The authors declare no competing financial interests.

Integrated supplementary information

Supplementary Figure 1 Targeting of basal forebrain.

(a) Schematic drawing showing stereotaxic coordinates used for targeting basal forebrain (nucleus basalis). Brain outlines adapted from ref. 50. The black square indicates approximate region shown in (b)–(d). (b) Low-magnification image showing an example of cannula lesion for a ChAT-ChR2-EYFP mouse (dashed circle) in a horizontal slice. Approximate borders of basal forebrain (nucleus basalis) and globus pallidus are outlined in white. (c) Example of a lesion for a ChAT-ARCH-GFP mouse, conventions as in (b). (d) Fiber locations relative to nucleus basalis and globus pallidus borders for 20 basal forebrain activation experiments and 10 inactivation experiments in which histology was performed after behavioral or physiology experiments. In 3 of the behavioral experiments, the fiber location was > 500 μm from the nucleus basalis border (not shown), but they were included in the experimental group in the behavioral analysis. Circles with dashed black outlines correspond to examples in (b) and (c). BF: basal forebrain, NB: nucleus basalis, GP: globus pallidus.

Supplementary Figure 2 V1-projecting cholinergic cells in the basal forebrain.

(a) Schematic coronal slice (adapted from ref. 50) with black square indicating approximate region shown in (b). (b) Low-magnification image of a ChAT-tdTomato mouse injected with the retrograde tracer CTB-488 in V1. We found V1-projecting cholinergic neurons throughout the basal forebrain, including nucleus basalis (NB), substantia innominata (SI), the horizontal limb of the diagonal band of Broca (HDB), and the magnocellular pre-optic nucleus (MCPO).
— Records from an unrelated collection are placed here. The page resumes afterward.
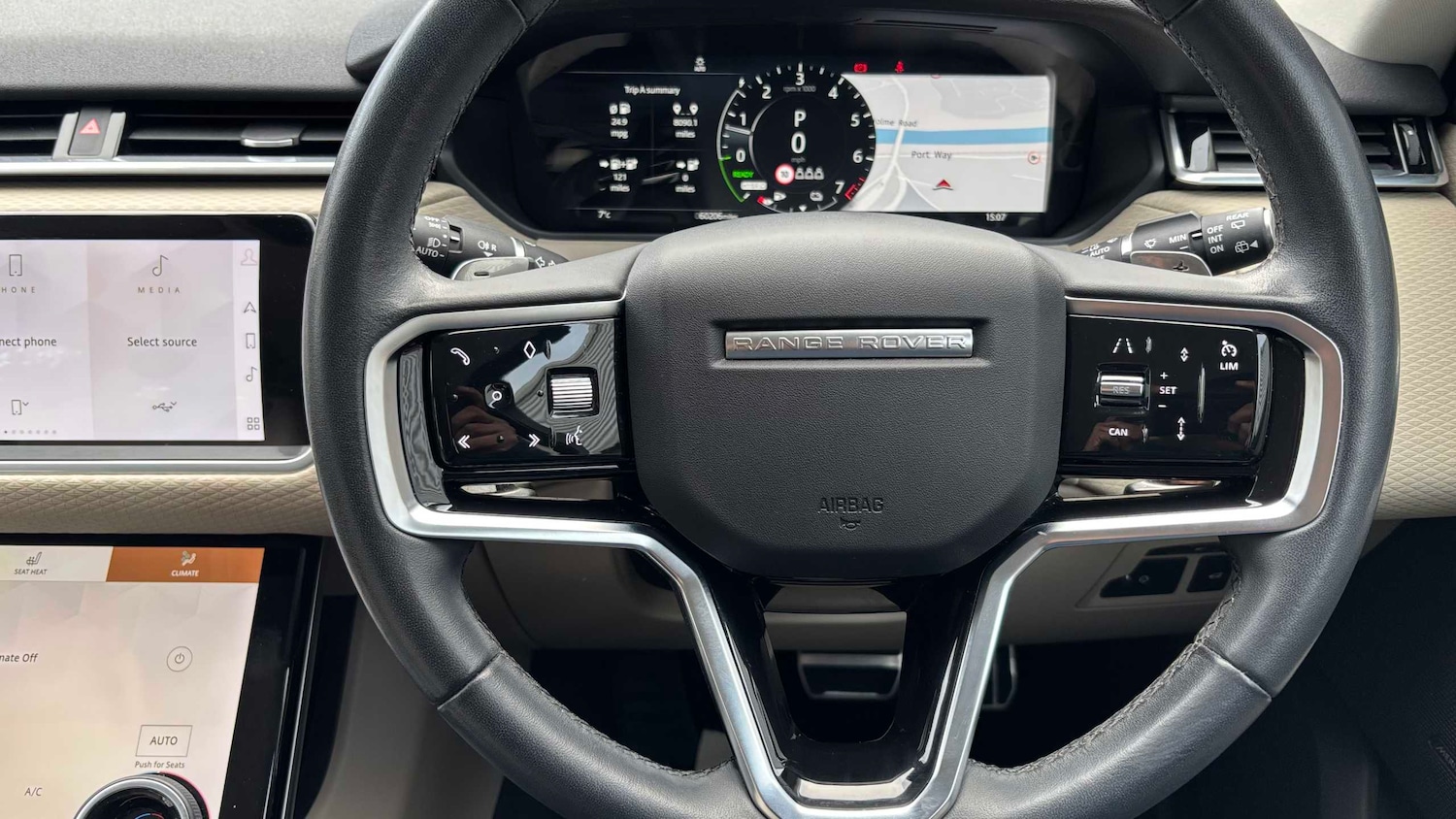 Used Land Rover Range Rover Velar 2022 for sale - 77348101: Photo 13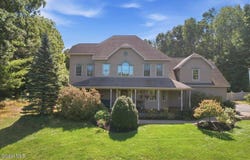 7 Little Drive, Malta, NY 12020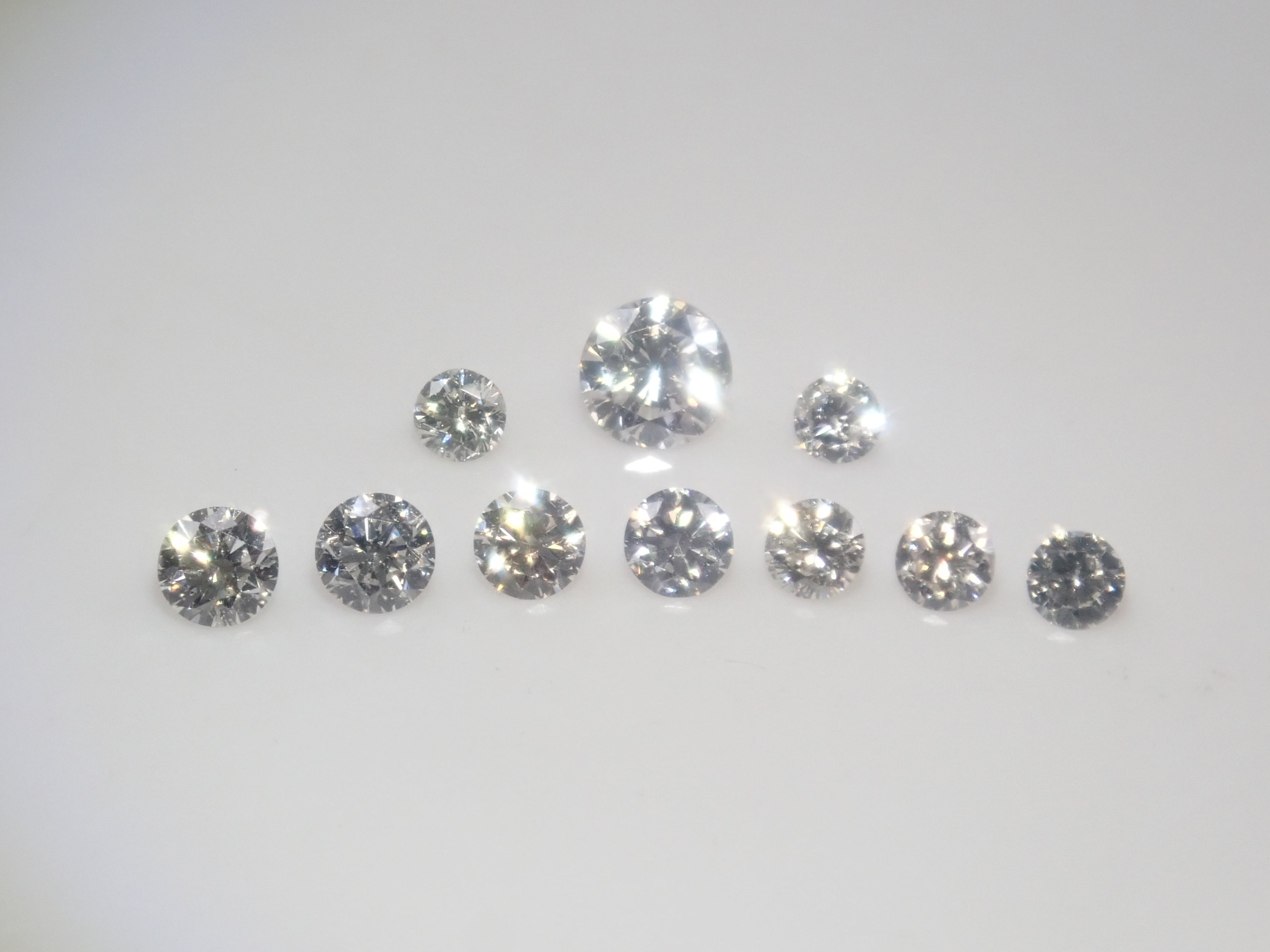 含一般售價35,800日圓,附中央寶石研究所鑑定書(F/VVS-2/EXCELLENT/H&C)的鑽石扭蛋一顆《多件購買享折扣》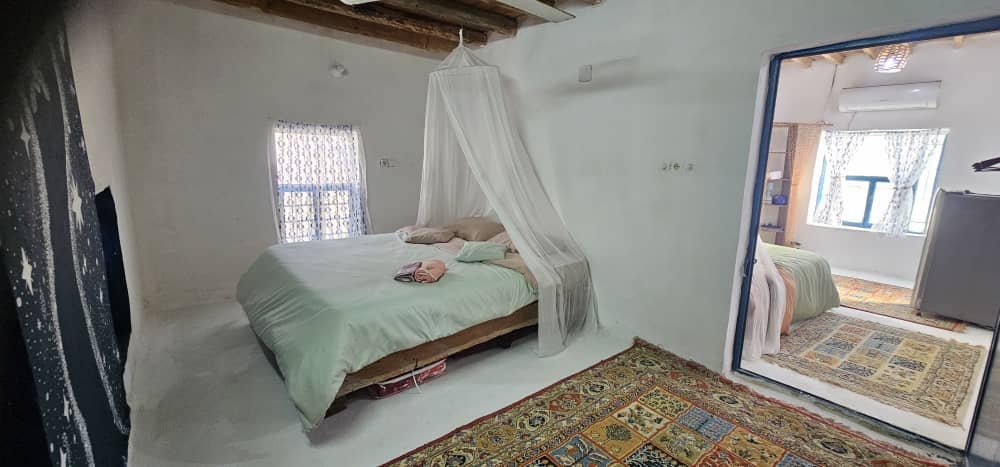 اجاره اتاق بومگردی ساحلی در روستای تورگان قشم - اتاق دریا یک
These cells were found from bregma 0 to -0.8 mm in the rostrocaudal axis, 0.8 to 2 mm lateral to bregma, and 4 to 5.5 mm below the cortical surface. (c) Higher magnification images (outlined with white dashed squares in (b) showing co-localization of CTB-filled neurons (green) and ChAT neurons (red) in the NB (top) and HDB/MCPO (bottom) regions. Arrowheads indicate cells with ChAT/CTB-488 overlap. (d) Cholinergic fibers expressing EYFP in V1.

Supplementary Figure 3 Optogenetic activation of basal forebrain cholinergic neurons interacts with ongoing behavioral state.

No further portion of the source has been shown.